(G1/COL. NAVAL - 2016)
Assinale a opção na qual a regência do verbo destacado foi utilizada de acordo com a modalidade padrão.
Eu custo a acreditar que existem pessoas desprezando livros em troca de computadores.
O professor sempre lembrava de comentar as notícias internacionais após a aula.
Dedicar-se ao trabalho implica, sempre, resultados eficazes, profícuos e confiáveis.
Todos dizem que este menino puxou o pai quando o assunto é esportes aquáticos.
Pessoas sensatas preferem muito mais uma boa conversa do que um programa de TV.
Gabarito:
Dedicar-se ao trabalho implica, sempre, resultados eficazes, profícuos e confiáveis.
a) Alternativa incorreta. A regência padrão do verbo custar aponta para o seguinte uso: "custa [algo - OD] [a alguém - OI]". O verbo deve ser mantido na 3ª pessoa do singular, e um possível sujeito, como o "eu" do caso, deve ser transferido à posição de objeto indireto, como pronome oblíquo.
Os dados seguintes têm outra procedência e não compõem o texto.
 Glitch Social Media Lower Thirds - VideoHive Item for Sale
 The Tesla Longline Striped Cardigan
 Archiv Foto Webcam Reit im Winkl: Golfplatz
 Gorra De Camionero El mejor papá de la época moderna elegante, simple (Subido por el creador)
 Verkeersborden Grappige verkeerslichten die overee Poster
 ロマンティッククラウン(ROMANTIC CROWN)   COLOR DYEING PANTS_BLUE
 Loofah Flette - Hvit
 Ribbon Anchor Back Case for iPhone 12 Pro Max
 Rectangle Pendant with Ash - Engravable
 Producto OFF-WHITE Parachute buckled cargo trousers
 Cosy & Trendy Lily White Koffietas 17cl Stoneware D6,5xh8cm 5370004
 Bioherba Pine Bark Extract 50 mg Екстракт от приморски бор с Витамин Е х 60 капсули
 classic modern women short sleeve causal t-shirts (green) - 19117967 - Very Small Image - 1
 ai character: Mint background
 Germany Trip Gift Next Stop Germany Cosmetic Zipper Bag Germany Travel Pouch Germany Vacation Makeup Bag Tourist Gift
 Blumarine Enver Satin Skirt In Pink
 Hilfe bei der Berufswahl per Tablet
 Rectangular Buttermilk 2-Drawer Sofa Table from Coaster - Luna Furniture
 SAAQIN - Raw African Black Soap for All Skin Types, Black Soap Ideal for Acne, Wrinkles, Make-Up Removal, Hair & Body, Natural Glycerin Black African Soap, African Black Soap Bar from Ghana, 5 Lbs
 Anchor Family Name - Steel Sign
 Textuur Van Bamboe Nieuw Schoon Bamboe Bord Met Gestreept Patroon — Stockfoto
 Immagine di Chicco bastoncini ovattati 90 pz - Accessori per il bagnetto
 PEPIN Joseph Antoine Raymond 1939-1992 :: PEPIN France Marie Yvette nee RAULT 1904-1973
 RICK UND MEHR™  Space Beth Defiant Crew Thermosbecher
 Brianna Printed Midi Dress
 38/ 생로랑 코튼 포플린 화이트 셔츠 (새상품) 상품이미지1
Reescrita: Custa-me acreditar que existem pessoas desprezando livros em troca de computadores.
b) Alternativa incorreta. O verbo "lembrar" funciona, basicamente, por meio de duas regências: lembrar-se de X (transitiva indireta com verb pronominal) ou lembrar X (transitiva direta com verbo sem o "se"). A oração em questão se aplica ao segundo caso, em que o verbo não é pronominal, sendo a forma mais adequada, para manter o "de": O professor sempre se lembrava de comentar as notícias internacionais após a aula.
c) Alternativa correta. O período "Dedicar-se ao trabalho implica, sempre, resultados eficazes, profícuos e confiáveis" está correto do ponto de vista da regência. O verbo "implicar" é transitivo direto (implica algo), diferente do que se vê em muitos casos (implicar em algo);
d) Alternativa incorreta. O verbo "puxar", no sentido de "herdar características" é transitivo indireto (com preposição "a"), e não direto (que carrega o sentido físico, de dar um puxão). A reescrita da frase segundo a norma-padrão é: Todos dizem que este menino puxou ao pai quando o assunto é esportes aquáticos.
e) Alternativa incorreta. A regência do verbo "preferir", segundo a norma-padrão, obedece à fórmula "preferir X [OD] a Y [OI]". Ela não admite expressões como "mais... do que". A reescrita adequada seria: Pessoas sensatas preferem uma boa conversa a um programa de TV.